- **PROBLEM STATEMENT**
An unchanged copy of every record below, without pictures, is the goal.

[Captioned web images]
══════
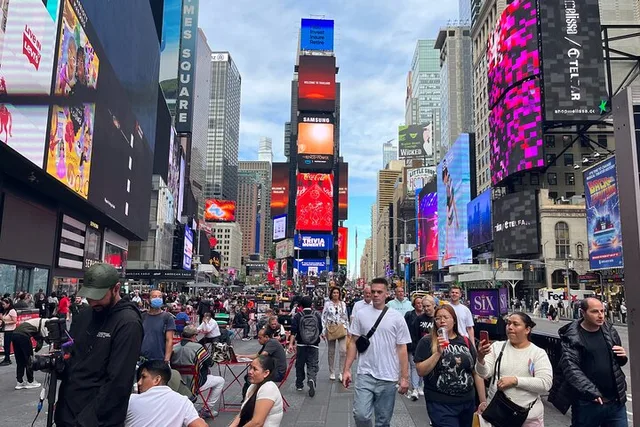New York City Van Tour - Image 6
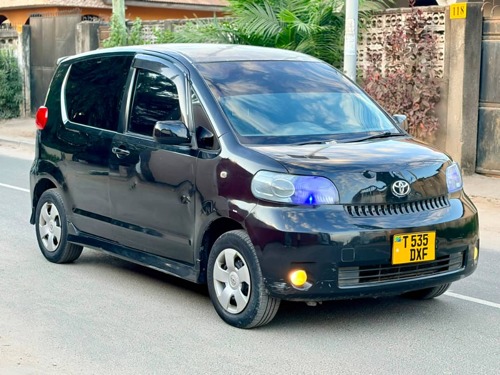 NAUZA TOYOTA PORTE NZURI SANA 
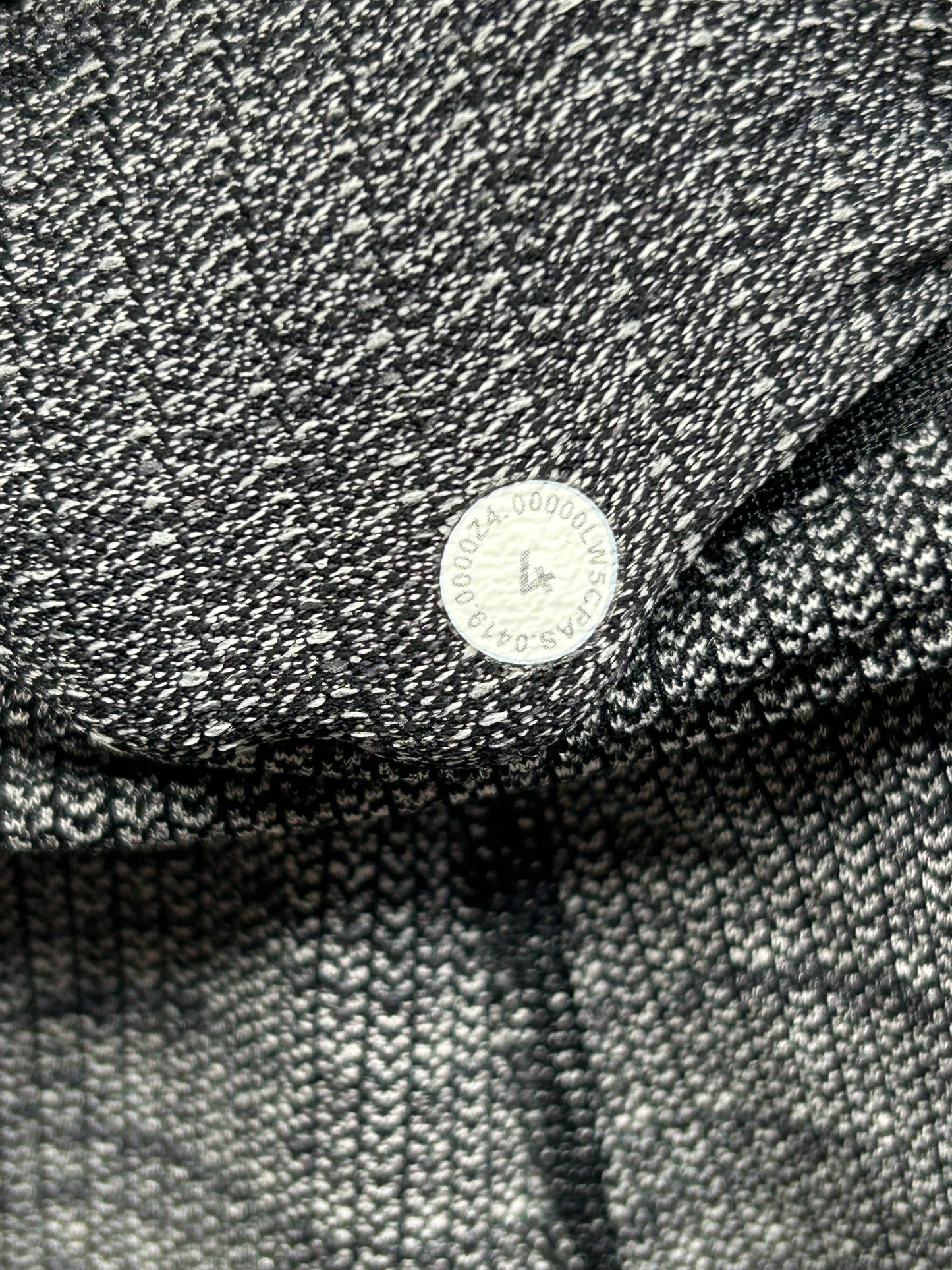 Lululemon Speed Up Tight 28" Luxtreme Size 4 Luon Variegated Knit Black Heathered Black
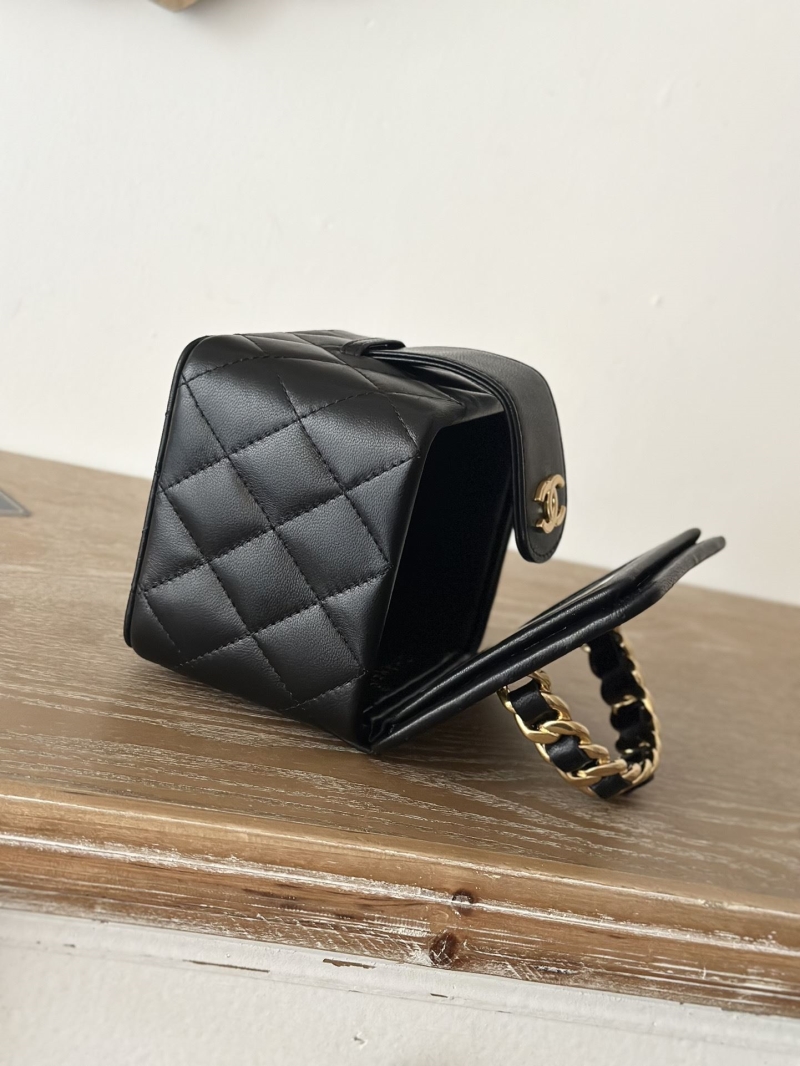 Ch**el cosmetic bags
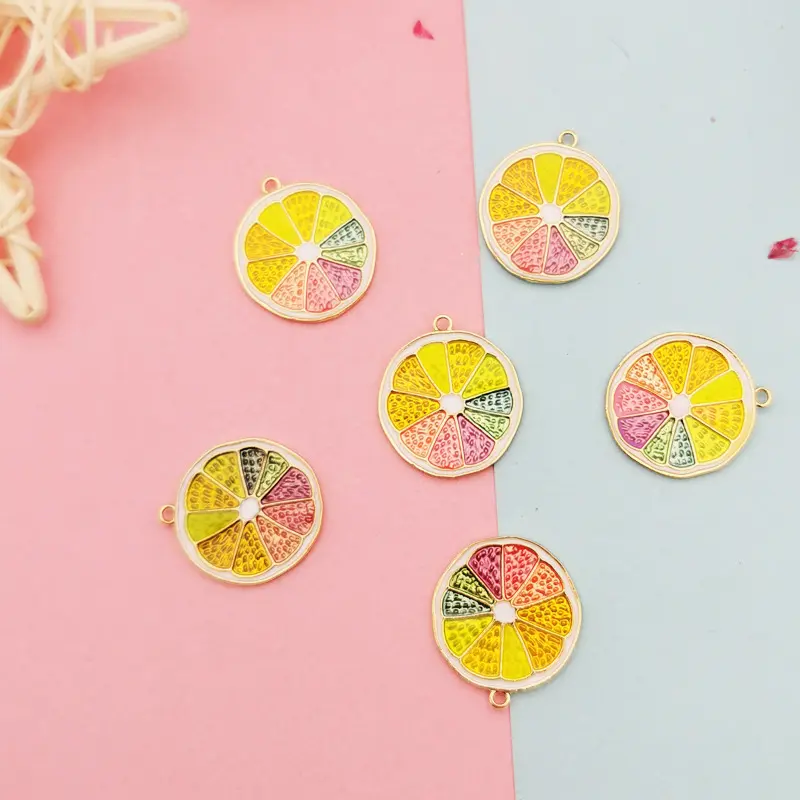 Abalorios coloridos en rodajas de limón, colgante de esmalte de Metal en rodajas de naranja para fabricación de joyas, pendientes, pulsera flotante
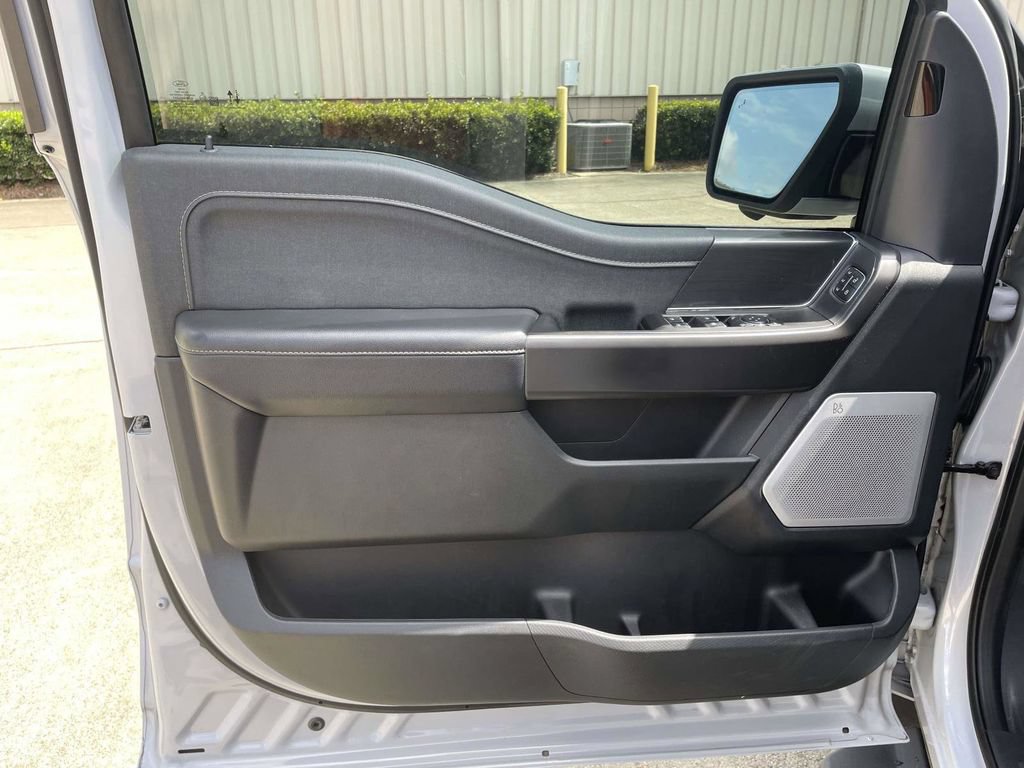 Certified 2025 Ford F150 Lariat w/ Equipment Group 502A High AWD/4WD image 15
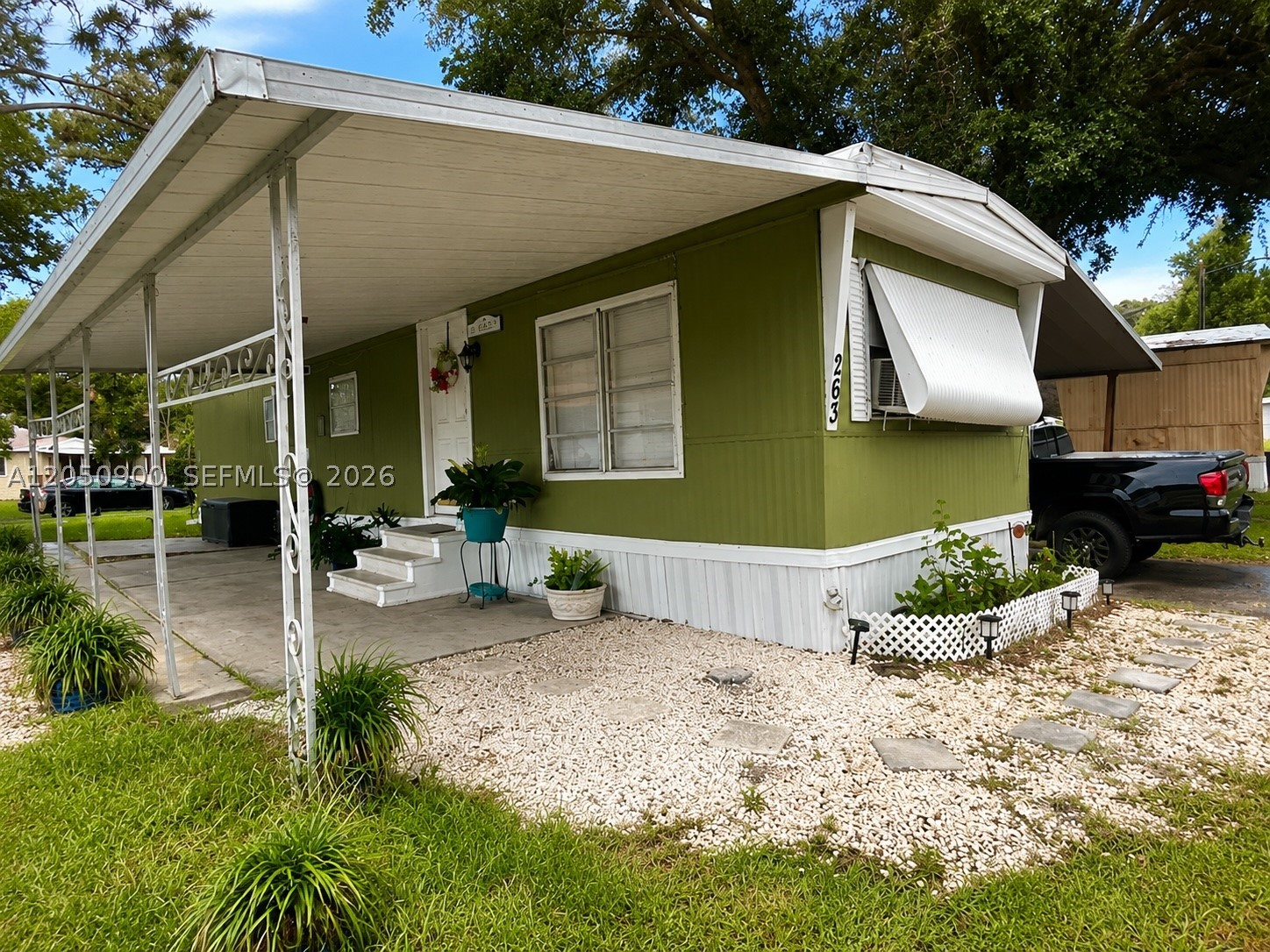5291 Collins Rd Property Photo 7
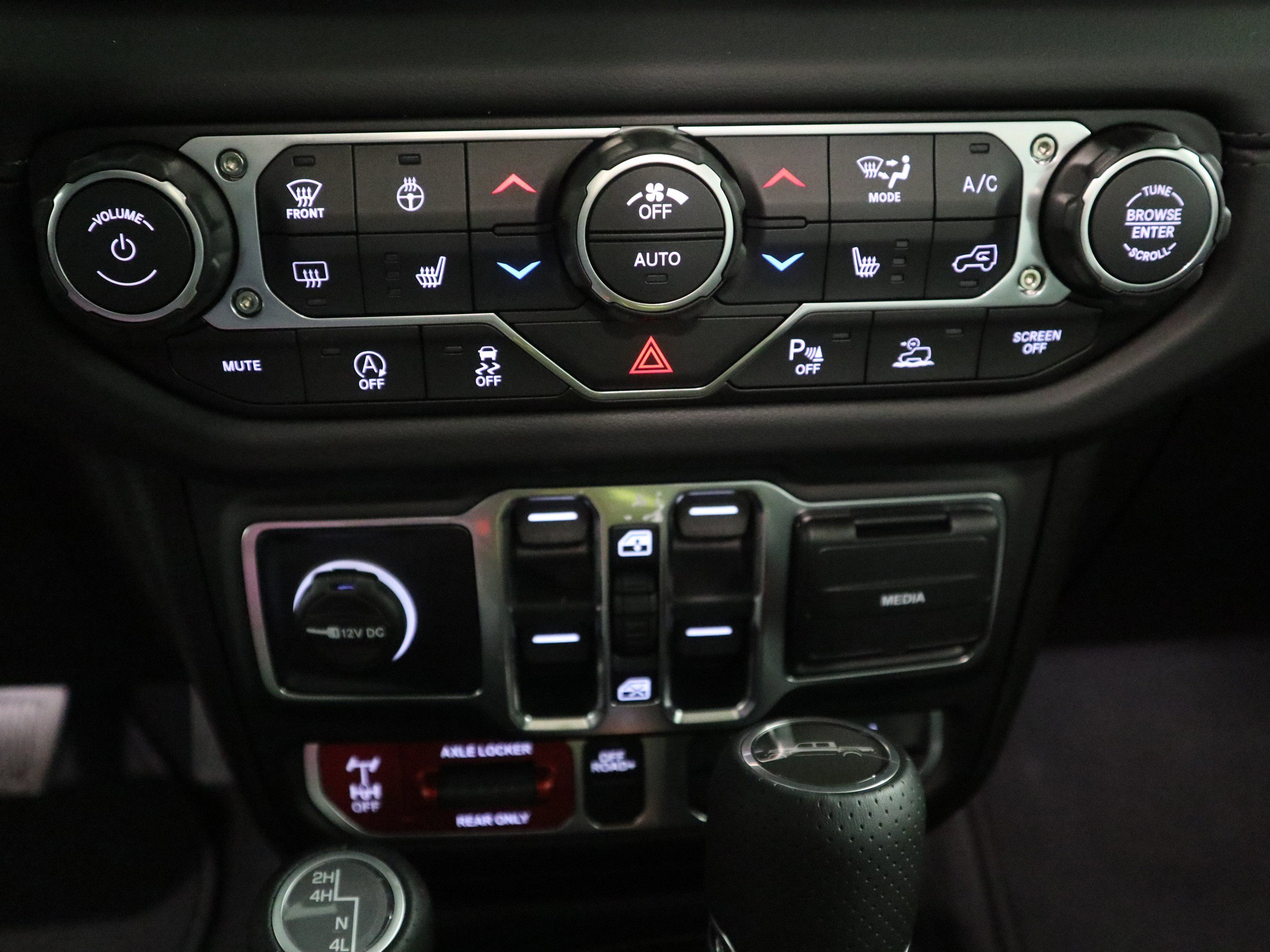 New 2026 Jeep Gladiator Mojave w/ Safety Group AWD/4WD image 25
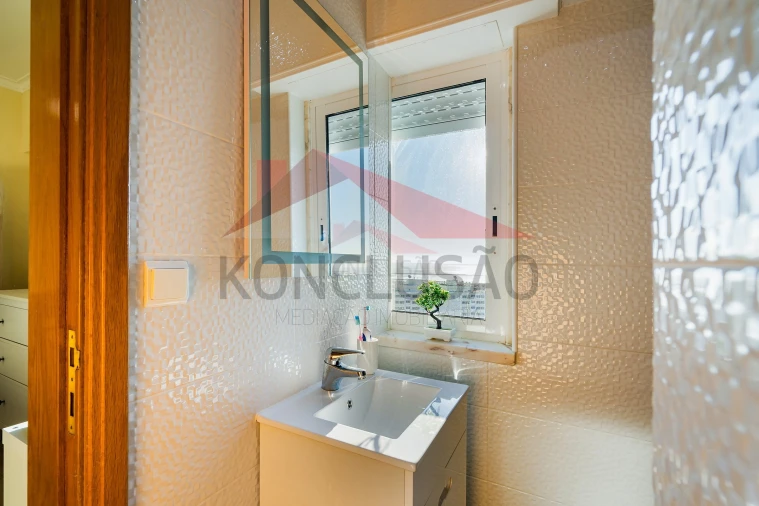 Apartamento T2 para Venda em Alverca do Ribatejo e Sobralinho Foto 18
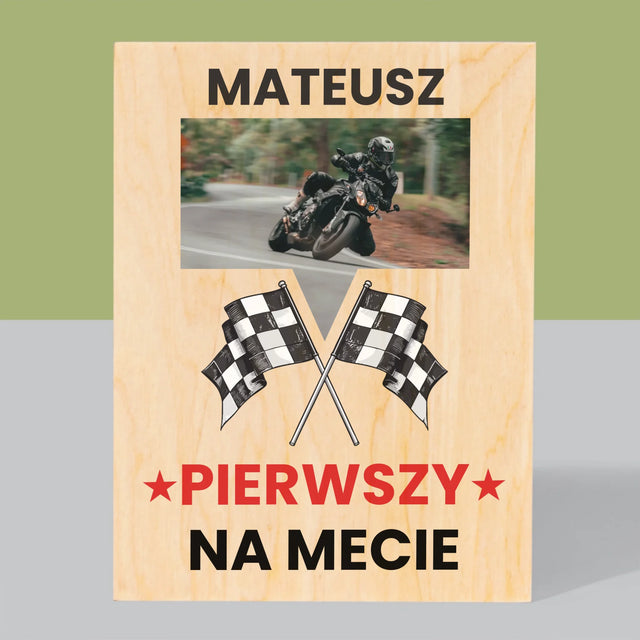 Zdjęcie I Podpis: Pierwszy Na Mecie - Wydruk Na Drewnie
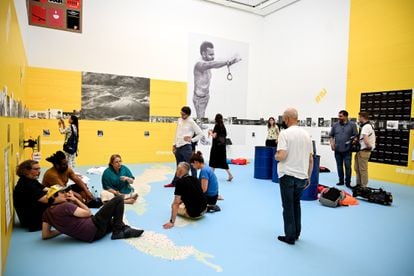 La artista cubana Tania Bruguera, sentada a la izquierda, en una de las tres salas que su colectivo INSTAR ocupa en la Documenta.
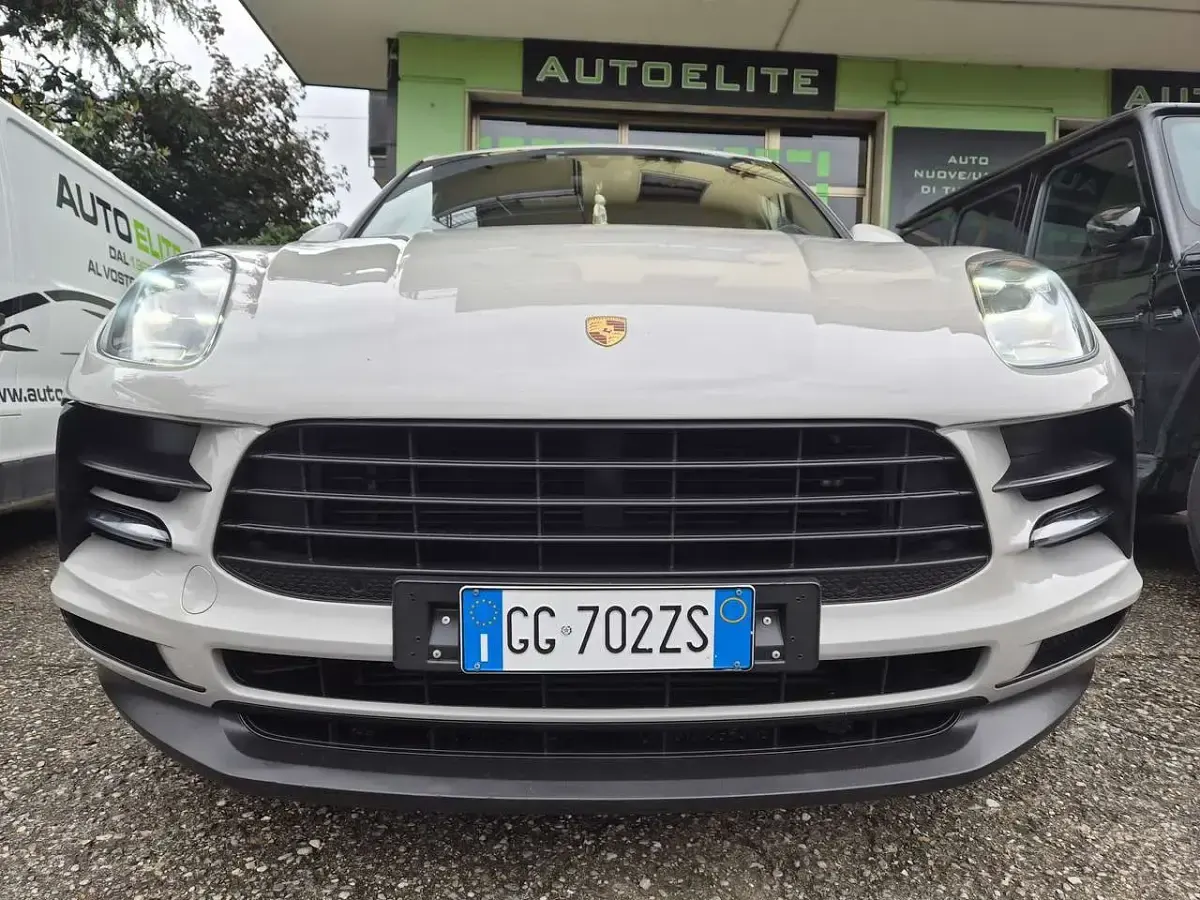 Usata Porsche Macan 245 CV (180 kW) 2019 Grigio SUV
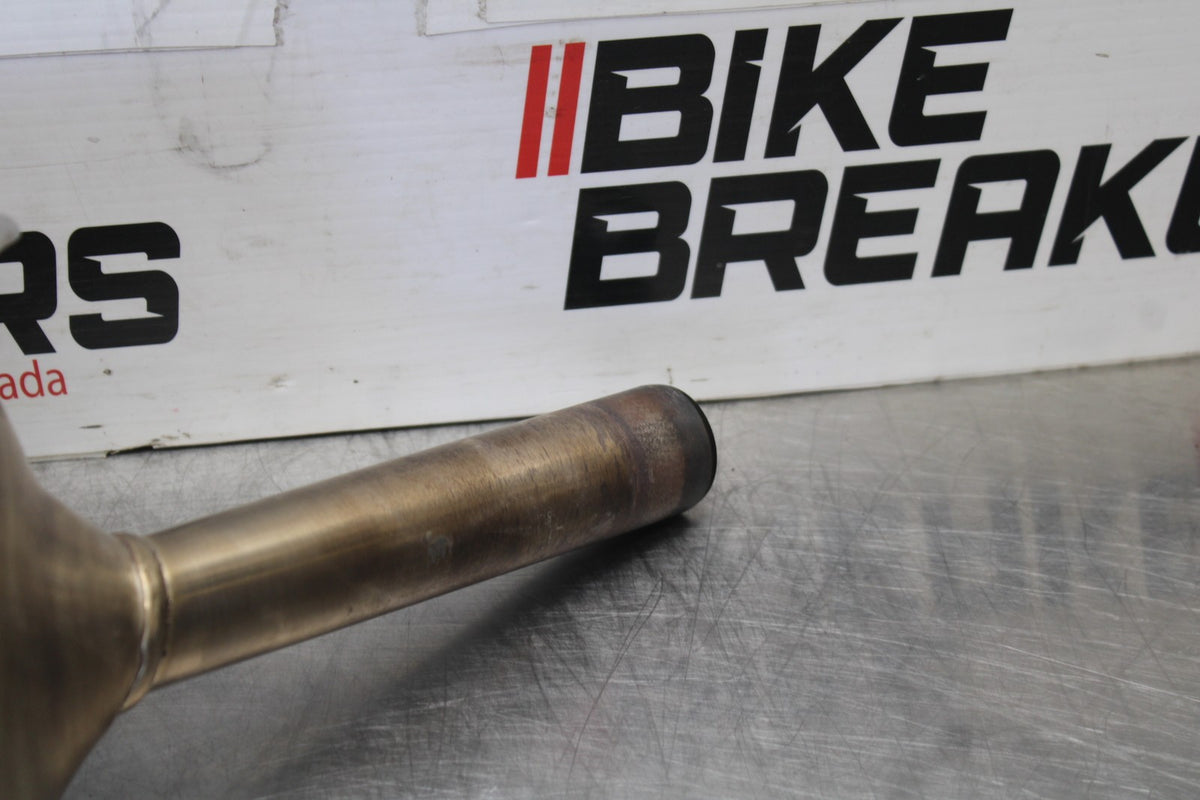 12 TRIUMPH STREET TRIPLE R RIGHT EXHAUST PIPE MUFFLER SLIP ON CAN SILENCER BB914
══════
- **SOLVED EXERCISE**
New York City Van Tour - Image 6
 NAUZA TOYOTA PORTE NZURI SANA 
 Lululemon Speed Up Tight 28" Luxtreme Size 4 Luon Variegated Knit Black Heathered Black
 Ch**el cosmetic bags
 Abalorios coloridos en rodajas de limón, colgante de esmalte de Metal en rodajas de naranja para fabricación de joyas, pendientes, pulsera flotante
 Certified 2025 Ford F150 Lariat w/ Equipment Group 502A High AWD/4WD image 15
5291 Collins Rd Property Photo 7
 New 2026 Jeep Gladiator Mojave w/ Safety Group AWD/4WD image 25
 Apartamento T2 para Venda em Alverca do Ribatejo e Sobralinho Foto 18
 Zdjęcie I Podpis: Pierwszy Na Mecie - Wydruk Na Drewnie
 La artista cubana Tania Bruguera, sentada a la izquierda, en una de las tres salas que su colectivo INSTAR ocupa en la Documenta.
 Usata Porsche Macan 245 CV (180 kW) 2019 Grigio SUV
 12 TRIUMPH STREET TRIPLE R RIGHT EXHAUST PIPE MUFFLER SLIP ON CAN SILENCER BB914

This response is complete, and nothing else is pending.